→ Work to complete
Everything from the line with "I think that" to the final line of the entries is to be set down exactly, except the pictures.

──────── Provided records ────────

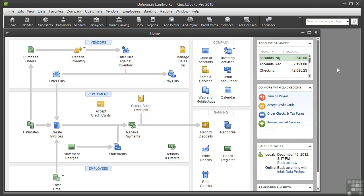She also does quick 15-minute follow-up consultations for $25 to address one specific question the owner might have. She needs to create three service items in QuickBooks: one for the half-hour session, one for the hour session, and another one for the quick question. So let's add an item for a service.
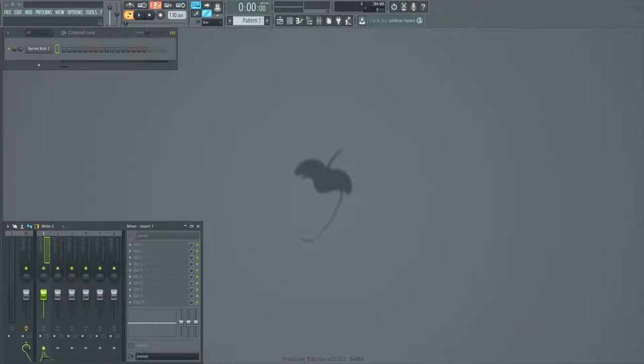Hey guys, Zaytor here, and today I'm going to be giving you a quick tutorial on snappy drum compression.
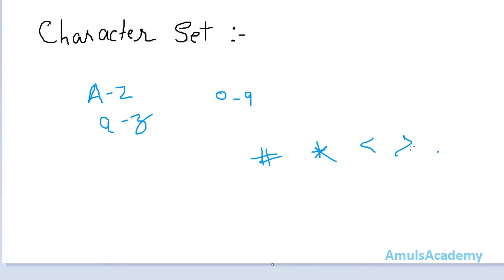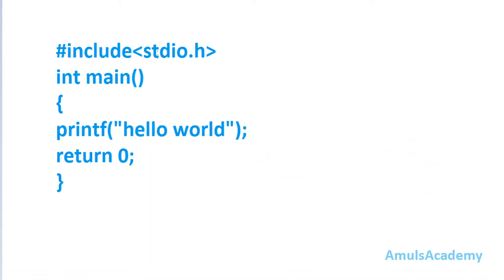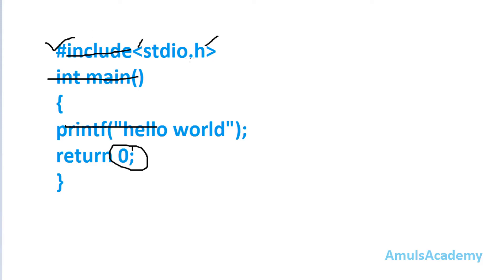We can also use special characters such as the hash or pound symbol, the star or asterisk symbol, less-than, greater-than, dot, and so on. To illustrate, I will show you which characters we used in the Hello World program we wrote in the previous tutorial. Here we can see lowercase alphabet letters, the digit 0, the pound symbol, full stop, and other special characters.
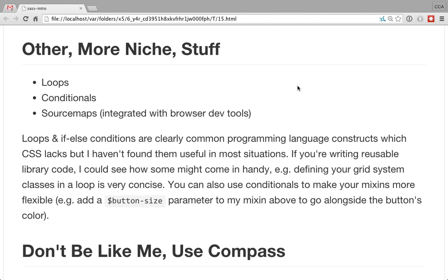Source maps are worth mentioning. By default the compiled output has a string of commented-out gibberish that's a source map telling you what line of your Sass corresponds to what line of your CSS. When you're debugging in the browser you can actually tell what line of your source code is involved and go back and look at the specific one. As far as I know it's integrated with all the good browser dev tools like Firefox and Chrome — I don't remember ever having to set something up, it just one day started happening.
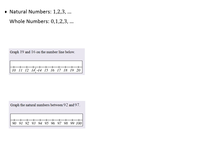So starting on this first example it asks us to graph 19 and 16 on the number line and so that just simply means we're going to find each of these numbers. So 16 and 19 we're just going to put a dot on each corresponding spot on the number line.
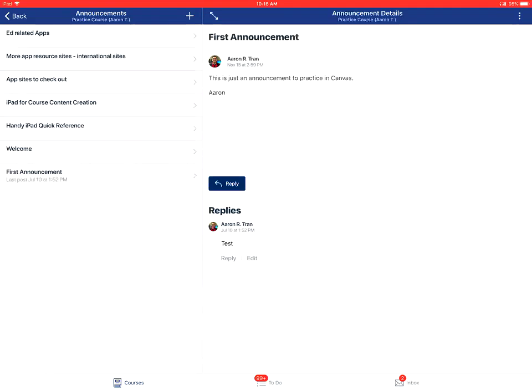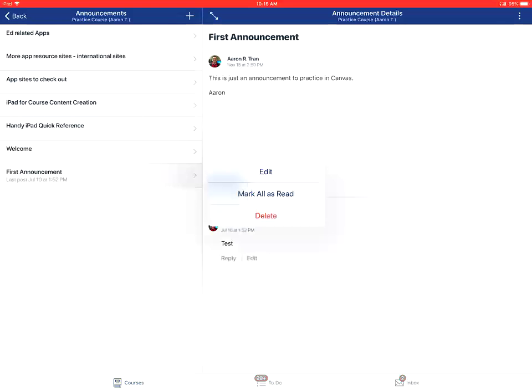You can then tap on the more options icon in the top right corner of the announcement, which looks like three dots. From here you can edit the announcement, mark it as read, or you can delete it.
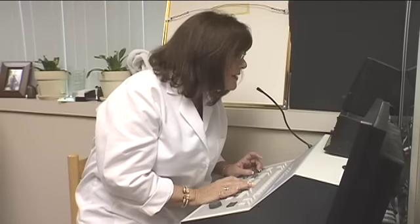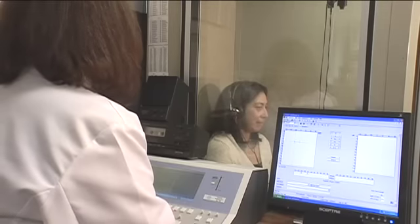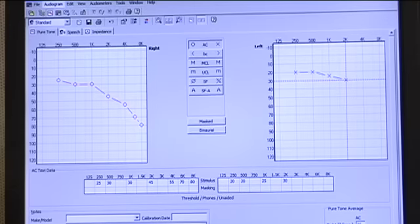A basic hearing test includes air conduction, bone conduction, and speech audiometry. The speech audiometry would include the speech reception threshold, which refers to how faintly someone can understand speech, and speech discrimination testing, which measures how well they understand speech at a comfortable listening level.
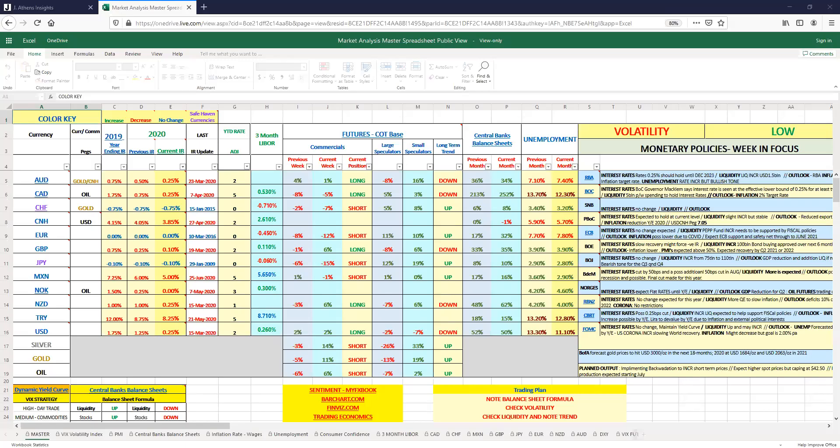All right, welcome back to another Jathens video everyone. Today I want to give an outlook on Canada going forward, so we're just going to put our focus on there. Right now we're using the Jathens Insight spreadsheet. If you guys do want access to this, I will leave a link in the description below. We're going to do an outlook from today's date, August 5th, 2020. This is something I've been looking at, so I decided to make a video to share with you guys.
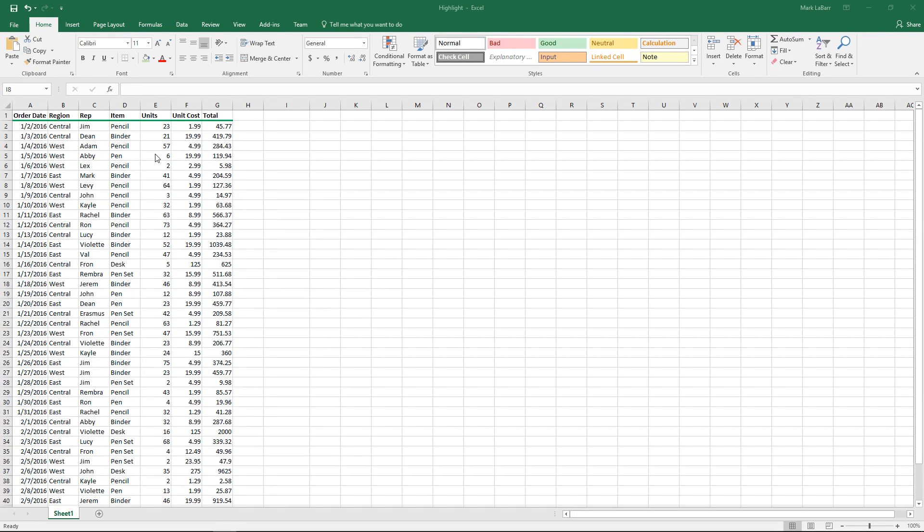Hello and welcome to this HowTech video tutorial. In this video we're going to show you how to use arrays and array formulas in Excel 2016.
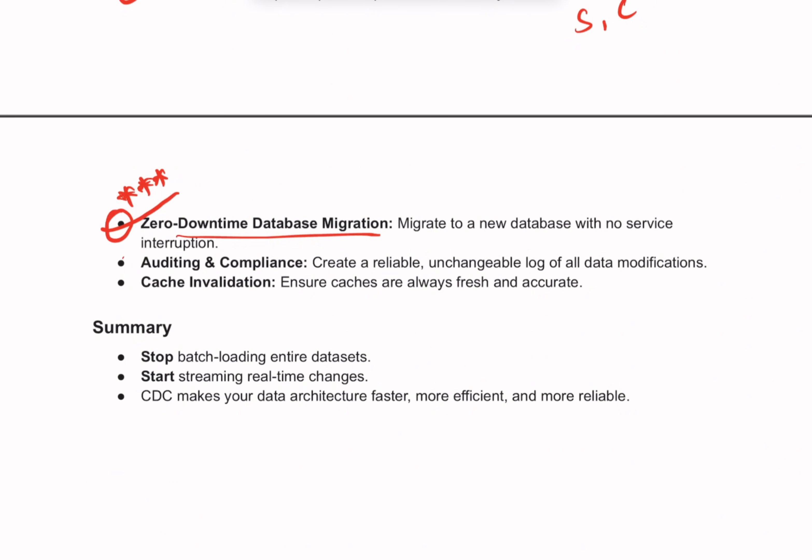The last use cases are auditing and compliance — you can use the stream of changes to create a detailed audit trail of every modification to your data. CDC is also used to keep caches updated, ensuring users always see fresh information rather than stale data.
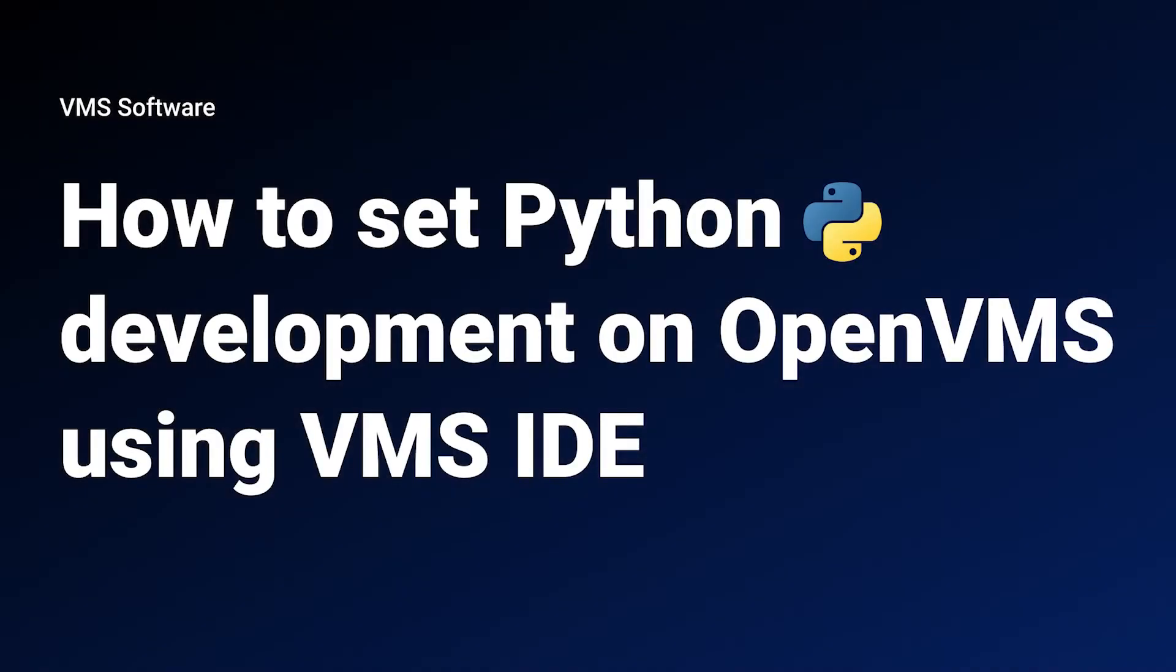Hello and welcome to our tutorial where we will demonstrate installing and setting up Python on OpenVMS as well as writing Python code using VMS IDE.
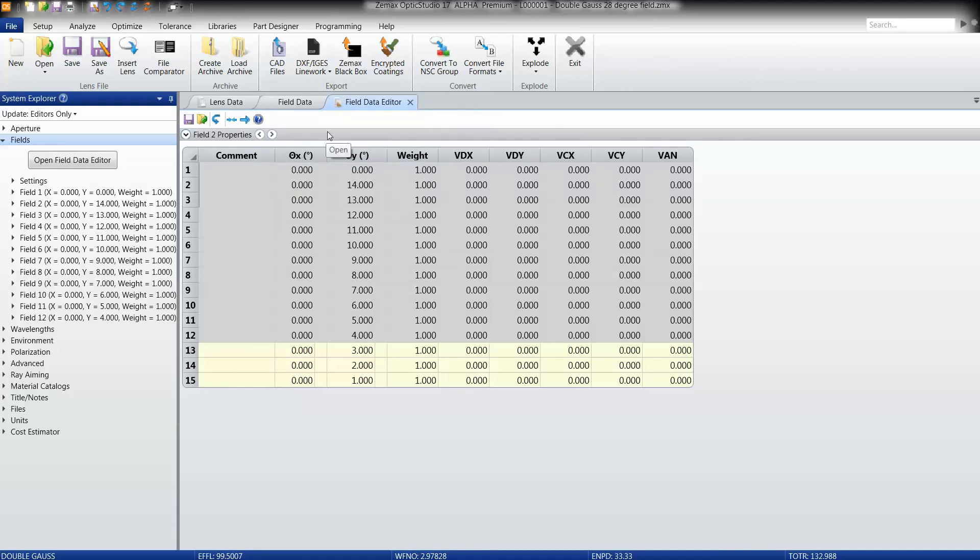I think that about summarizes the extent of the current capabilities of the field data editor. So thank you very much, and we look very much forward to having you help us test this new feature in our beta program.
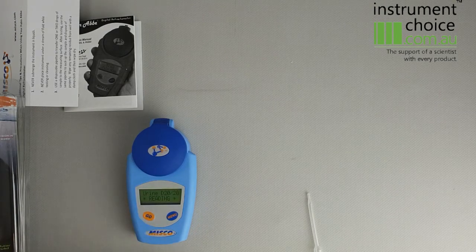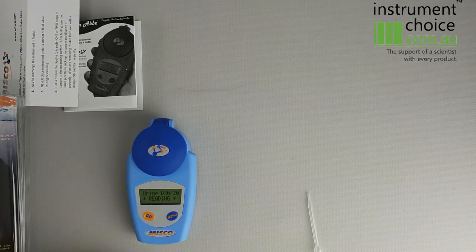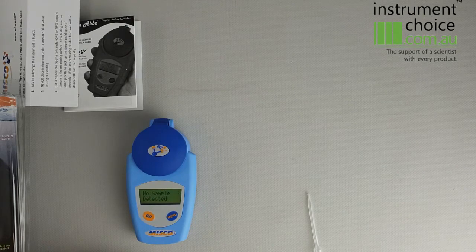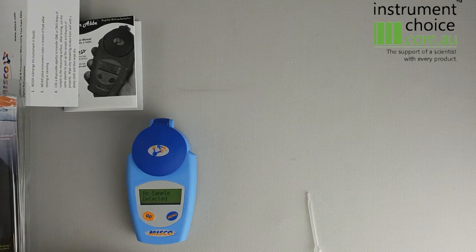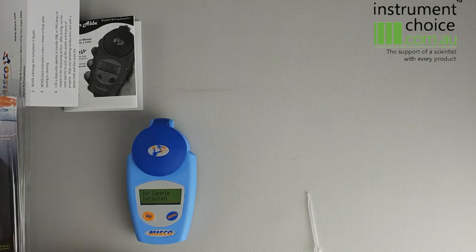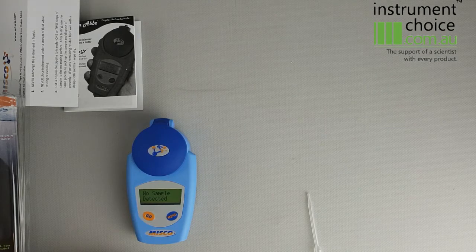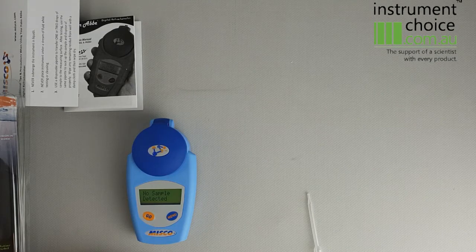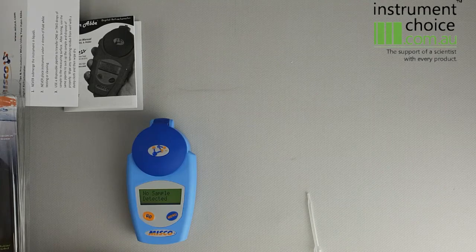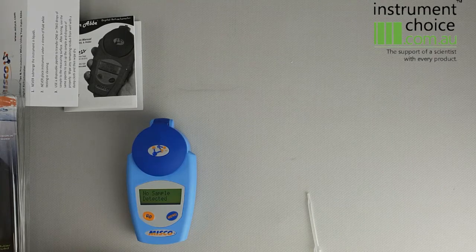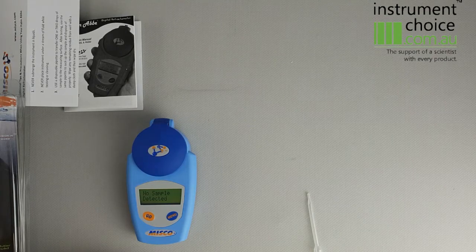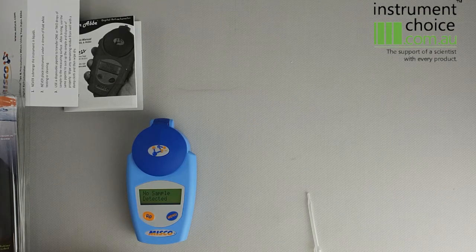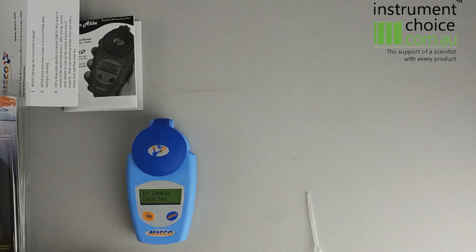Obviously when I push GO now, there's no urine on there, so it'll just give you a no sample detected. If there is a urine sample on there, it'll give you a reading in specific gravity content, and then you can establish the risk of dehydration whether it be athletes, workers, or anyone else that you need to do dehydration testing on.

────────

→ Task answer
I think that about summarizes the extent of the current capabilities of the field data editor. So thank you very much, and we look very much forward to having you help us test this new feature in our beta program.
Obviously when I push GO now, there's no urine on there, so it'll just give you a no sample detected. If there is a urine sample on there, it'll give you a reading in specific gravity content, and then you can establish the risk of dehydration whether it be athletes, workers, or anyone else that you need to do dehydration testing on.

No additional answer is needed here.